The category of recruiter I am talking about here is the new recruiter where there isn’t a history of financial results to provide some surety that you are making the right decision. This is the person who has typically been working for you for between four and ten months. There may have been some strong billing months, they are probably delivering an inconsistent level of high pay-off activities but no pattern of above-acceptable billings or activity levels has yet emerged. The jury is out, and you’re the jury foreman.

Here are the things to look for as almost sure-fire signs that it’s time to say goodbye and start your search for a replacement.

1. Lateness:  As any of my former team will attest, I wasn’t very tolerant of lateness. We all get held up from time-to-time but it’s the pattern of lateness and the throw-away excuses (‘bloody traffic’ – lots of traffic in the CBD during peak hour, who knew?) that are clinchers.

Any under-performing recruiter should be one of the first in the office each day, not one of the last. If they are consistently late they clearly don’t care whether they succeed or fail, so why should you?

2. Earliness: Like lateness, except at the other end of the day. Hey, we all have another life to lead but if a recruiter is not meeting activity or billing targets consistently yet is promptly out of the office at 5 pm then I suggest you give them a lot more time to have that ‘other life’ that’s clearly a priority for them right now.

3. Lots of credits/bomb outs: No recruiter is perfect; we all have credits or bomb outs for various (sometimes bizarre) reasons. However, a consistent pattern of candidates not sticking in their new jobs indicates your new recruiter lacks rapport, judgment or a sufficient care factor. All things that training is unlikely to shift quickly. Time to rack up another credit for you.

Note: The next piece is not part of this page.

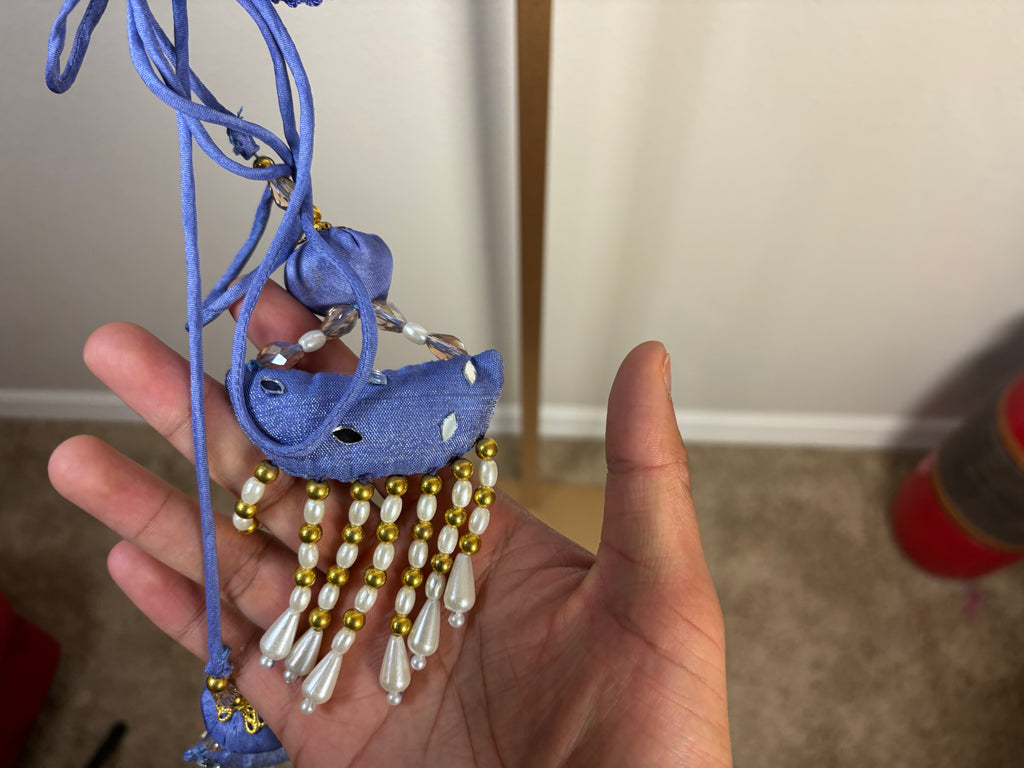 Sky Blue Blouse with Tassels with Golden Details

4. Won’t take direction from people who know better: Recruiters who insist on continuing to work on junk jobs or ‘social worker’ candidates, despite specific coaching/suggestions/orders not to, are people convinced of their own superior judgement. Your superior judgment is to fire them – quickly.

5. Colleagues don’t rate them: When I finally realised, it was embarrassing to admit to myself that I was often the last person in the team to work out that I had hired a dud. The moment of awakening came after I had finally exited an under-performing rookie and one of the other rookies said to me (after a couple of Friday night drinks) ‘I can’t believe you hadn’t noticed that absolutely nobody on the team liked him or rated him’.

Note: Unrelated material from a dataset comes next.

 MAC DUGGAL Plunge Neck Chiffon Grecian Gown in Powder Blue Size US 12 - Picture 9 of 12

6. Too dumb:  You don’t need a degree or a specific type of education to become a successful recruiter but you do need a base level of commercial intelligence and street smarts. Some people, regardless of their education level, just never seem to get it. If you find yourself saying something to your rookie for the fourth time it’s probably a sign they have failed the necessary intelligence test and it’s time you readjusted their employment expectations.

7. Over-complicating the job: Recruitment is simple, but it’s not easy. These wise words were spoken to me many years ago and they still ring true today. Find clients, find candidates, put them together. Please don’t over-think this formula Mr Junior Burger Recruiter. If you find Mr Burger consistently wants to create marvelously complex spreadsheets, or spend hours researching before making prospecting calls or nags you about their 28 suggestions for improvements to your website … then flick ‘em. Junior recruiters who over-think recruitment always fail because they value thoughts and ideas ahead of action – big   mistake.

8. Emotional wrecking ball: Yes, recruitment can be frustrating and emotional and yes, people lie and yes, people let you down but that’s life as a recruiter – build a bridge and get over it. If your rookie recruiter spends too much time in the toilet in floods of tears or insists on describing in boring detail his ‘terrible’ day then it’s a fair chance their lack of emotional control is impacting everyone around them as well as themselves. It’s time they took their drama and enrolled at NIDA or auditioned for The Shire.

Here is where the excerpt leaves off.